Tipps für Sortendetektiv:innen
“Durch den Kauf von samenfestem Saatgut kann man nicht nur besondere Sorten im Garten erhalten und durch Nachbau an den Standort anpassen, sondern auch bares Geld sparen”, empfiehlt Katharina Görges. Bei der Sortenauswahl sollte man darauf achten, dass sie für den eigenen Standort gut geeignet sind. Saatgutbörsen sind eine gute Möglichkeit, um alte und samenfeste Sorten zu bekommen und zu tauschen. Auch Patrick Kaiser organisiert solche Saatgutmärkte und setzt sich für den Erhalt der Kulturpflanzenvielfalt ein. Und er ruft dazu auf, ‘Sortendetektiv:in’ zu werden: „Wer historische Sorten im Garten oder Kisten mit altem Saatgut findet, sich an alte Sortennamen und Geschichten erinnert und sich bei unserem Verein Genbänkle meldet, kann helfen diese Sorten zu retten.“
Ab 4.2. werden alte Sorten in der alphabeet-App (bald "Fryd") zwei Wochen lang in den Mittelpunkt gestellt. Im Rahmen der Kampagne gibt es hilfreiche Tipps rund um den Anbau alter Sorten, wie z.B. eine eigene Podcast-Folge, diesen Leitartikel und ein Saatgut-Set. So will man auf das Thema aufmerksam machen und die gesellschaftliche und ökologische Relevanz hervorheben.

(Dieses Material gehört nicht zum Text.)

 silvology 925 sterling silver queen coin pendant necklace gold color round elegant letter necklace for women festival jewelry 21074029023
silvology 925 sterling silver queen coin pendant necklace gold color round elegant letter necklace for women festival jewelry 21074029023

“Alte Sorten sind erprobte und bewährte integrale Bestandteile einer bäuerlichen Agrikultur”, meint Dr. Thomas Gladis. “Als lebendiges kulturelles Erbe der gesamten Menschheit, hängt unsere Existenz noch immer von ihrem Überleben ab. Auch wenn uns das nur selten bewusst wird.” Dem stimmt auch Patrick Kaiser zu: “Eigentlich müsste man nicht nur Kunst und alte Gebäude unter Denkmalschutz stellen, sondern auch historische Pflanzensorten.”